我想出了一个简单替换的变通办法,利用了 repl
参数可以是一个函数这一点:
import re
def replacer(text, verbose=False):
def repl(matchobj, replacement):
if verbose:
print(f"Replacing {matchobj.group()} with {replacement}...")
return replacement
text = re.sub(r"[A-Z]+", lambda m: repl(m, "CAPS"), text)

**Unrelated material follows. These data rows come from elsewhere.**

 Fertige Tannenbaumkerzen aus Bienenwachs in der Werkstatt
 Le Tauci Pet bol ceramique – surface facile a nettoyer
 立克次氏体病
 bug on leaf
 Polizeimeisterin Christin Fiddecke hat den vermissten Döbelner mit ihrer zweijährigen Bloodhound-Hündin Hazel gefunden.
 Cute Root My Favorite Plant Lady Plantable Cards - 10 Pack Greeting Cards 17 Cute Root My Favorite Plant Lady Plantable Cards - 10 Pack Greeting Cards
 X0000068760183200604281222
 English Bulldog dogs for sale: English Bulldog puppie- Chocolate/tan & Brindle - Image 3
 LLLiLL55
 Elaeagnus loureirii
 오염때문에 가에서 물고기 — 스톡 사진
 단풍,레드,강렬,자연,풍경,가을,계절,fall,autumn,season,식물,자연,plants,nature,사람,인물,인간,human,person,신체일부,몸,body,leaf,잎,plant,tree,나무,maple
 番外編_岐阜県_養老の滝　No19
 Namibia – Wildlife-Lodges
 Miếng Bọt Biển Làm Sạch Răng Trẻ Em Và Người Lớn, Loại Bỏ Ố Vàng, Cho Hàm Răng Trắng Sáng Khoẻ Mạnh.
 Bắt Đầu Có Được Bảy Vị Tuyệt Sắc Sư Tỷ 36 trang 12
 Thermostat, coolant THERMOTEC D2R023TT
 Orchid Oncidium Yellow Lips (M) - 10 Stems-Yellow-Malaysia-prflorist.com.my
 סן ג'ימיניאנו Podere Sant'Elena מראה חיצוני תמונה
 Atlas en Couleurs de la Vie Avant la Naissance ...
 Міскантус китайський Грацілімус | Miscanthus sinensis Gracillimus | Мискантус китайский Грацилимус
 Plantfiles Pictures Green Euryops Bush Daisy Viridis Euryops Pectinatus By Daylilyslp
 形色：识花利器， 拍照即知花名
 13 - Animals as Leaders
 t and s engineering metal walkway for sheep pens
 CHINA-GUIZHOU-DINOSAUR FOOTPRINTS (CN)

text = re.sub(r"\d+", lambda m: repl(m, "NUMBER"), text)
return text
replacer("this is a 123 TEST 456", True)
# Log:
# Replacing TEST with CAPS...
# Replacing 123 with NUMBER...
# Replacing 456 with NUMBER...
不过,这个方法对分组不起作用——似乎 re.sub
会自动处理 repl
的返回值:
def replacer2(text, verbose=False):
def repl(matchobj, replacement):
if verbose:
print(f"Replacing {matchobj.group()} with {replacement}...")
return replacement
text = re.sub(r"([A-Z]+)(\d+)", lambda m: repl(m, r"\2\1"), text)
return text
replacer2("ABC123", verbose=True) # returns r"\2\1"
# Log:
# Replacing ABC123 with \2\1...
当然,可以写一个更复杂的 repl
函数,实际检查 replacement
中的分组,但那样的话,解决方案似乎就太复杂了,毕竟只是想让 re.sub
报告替换情况。另一个可能的解决办法是直接使用 re.search
,先报告这个结果,然后再用 re.sub
进行替换,可能还可以使用 Pattern.sub
变体来指定 pos
和 endpos
,这样就不用让 sub
函数再次搜索整个字符串。肯定还有比这两种方法更好的办法吧?
2 个回答
0
你可以用一个正则表达式来匹配大写字母和数字,写成 [A-Z]+|\d+
。然后在回调函数里,根据实际匹配到的内容做一个选择,并记录下来。
下面是一个示例代码:
def repl(m):
if re.search(r'^[A-Z]+$', m.group()):
print("Replacing " + m.group() + " with CAPS")
return "CAPS"
else:
print("Replacing " + m.group() + " with NUMBER")
return "NUMBER"
text = "this is a 123 TEST 456"
text = re.sub(r'[A-Z]+|\d+', lambda m: repl(m), text)
print(text)
这段代码会输出:
Replacing 123 with NUMBER
Replacing TEST with CAPS
Replacing 456 with NUMBER
this is a NUMBER CAPS NUMBER
3
使用 matchobj.expand(replacement)
这个方法,它会处理替换字符串并进行替换:
import re
def replacer2(text, verbose=False):
def repl(matchobj, replacement):
result = matchobj.expand(replacement)
if verbose:
print(f"Replacing {matchobj.group()} with {result}...")
return result
text = re.sub(r"([A-Z]+)(\d+)", lambda m: repl(m, r"\2\1"), text)
return text
print(replacer2("ABC123", verbose=True)
输出结果:
Replacing ABC123 with 123ABC...
123ABC
这是一个通用的例子,它扩展了 re.sub
方法,增加了一个详细选项,并允许在替换函数中使用分组模式:
import re
def sub2(pattern, repl, string, count=0, flags=0, verbose=False):
def helper(match, repl):
result = match.expand(repl(match) if callable(repl) else repl)
if verbose:
print(f'offset {match.start()}: {match.group()!r} -> {result!r}')
return result
return re.sub(pattern, lambda m: helper(m, repl), string, count, flags)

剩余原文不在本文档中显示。